--- INFORMATION PROVIDED Enclosed Below ---

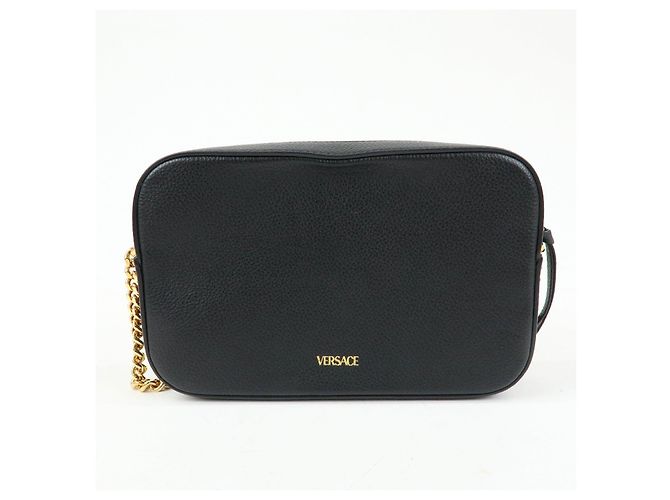 Borsa a tracolla in pelle VERSACE Virtus Nero Beige - vista 2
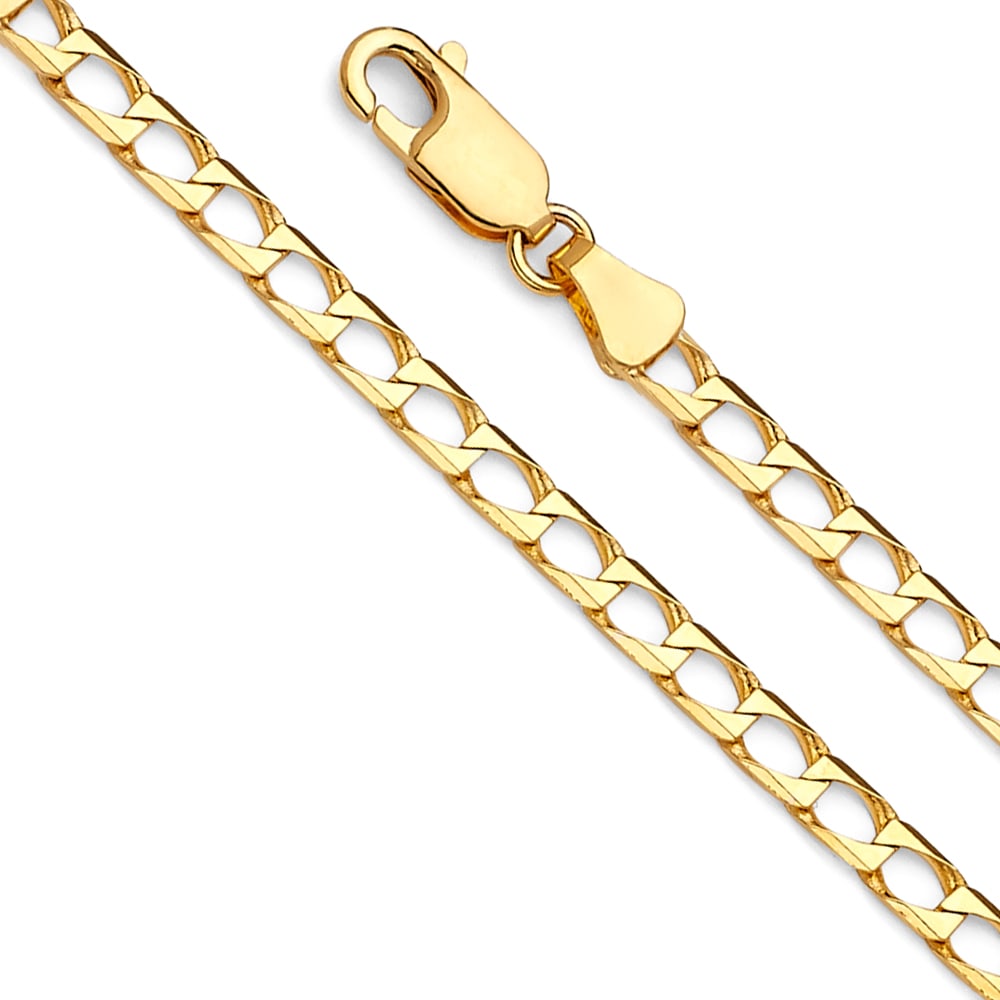 14KY SQUARE CURB CHAIN: 14KY Square Curb Chain Material Type : 14k Gold Material Color : Yellow Avg. Weight: 3.88 Gr. Size: Length : 7.5 inch, Width 3.4mm Accessories: None Notice: When purchasing pre-owned goods, please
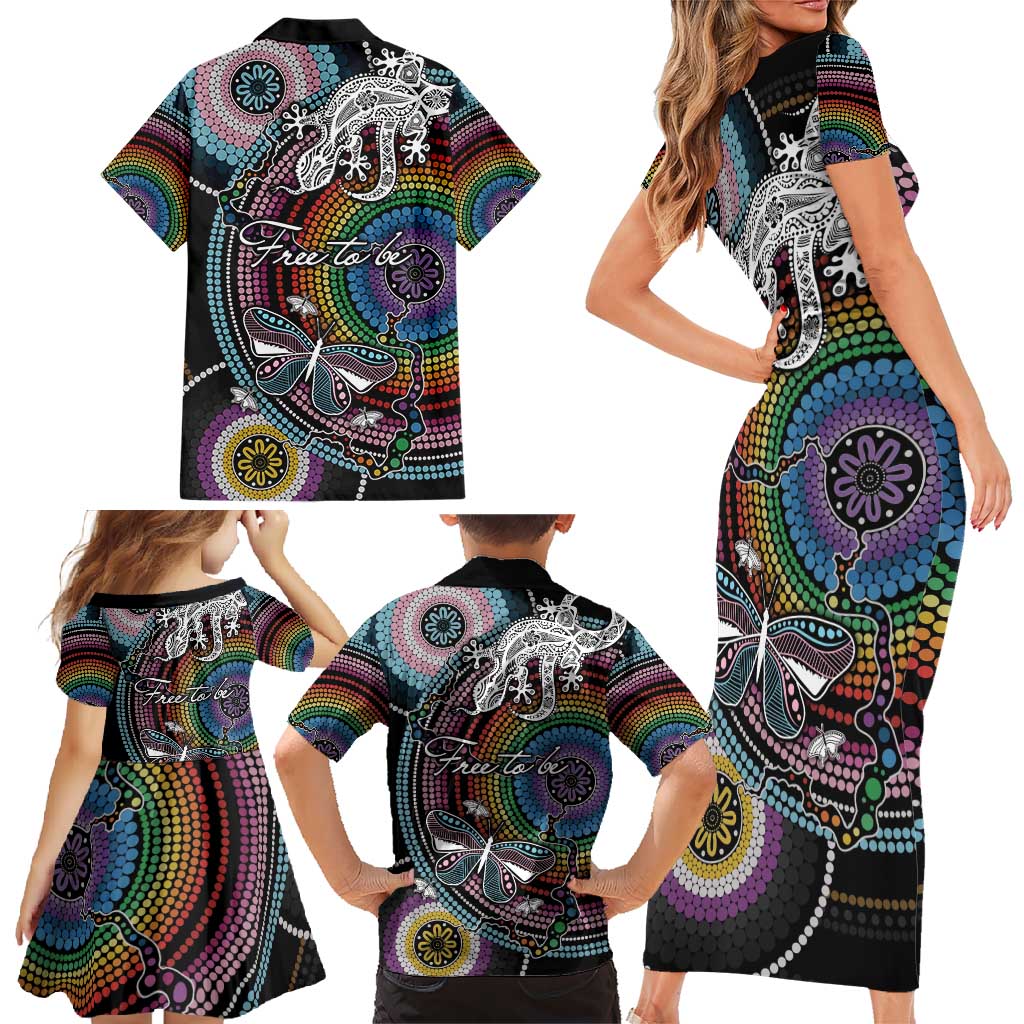 Sydney Pride Aboriginal Family Matching Short Sleeve Bodycon Dress and Hawaiian Shirt Free To Be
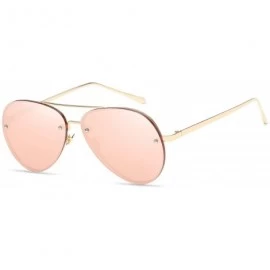 Wrap Visor Mirror Pilot Sunglasses Ladies Non-Polarized Sunglasses Anti-UV Glasses - Pink - CU18AE9TYKZ $12.02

--- End of Enclosed INFORMATION PROVIDED ---

Restate the full listing verbatim and drop every picture.

**SOLUTION TO THIS PROBLEM**
 Borsa a tracolla in pelle VERSACE Virtus Nero Beige - vista 2
 14KY SQUARE CURB CHAIN: 14KY Square Curb Chain Material Type : 14k Gold Material Color : Yellow Avg. Weight: 3.88 Gr. Size: Length : 7.5 inch, Width 3.4mm Accessories: None Notice: When purchasing pre-owned goods, please
 Sydney Pride Aboriginal Family Matching Short Sleeve Bodycon Dress and Hawaiian Shirt Free To Be
 Wrap Visor Mirror Pilot Sunglasses Ladies Non-Polarized Sunglasses Anti-UV Glasses - Pink - CU18AE9TYKZ $12.02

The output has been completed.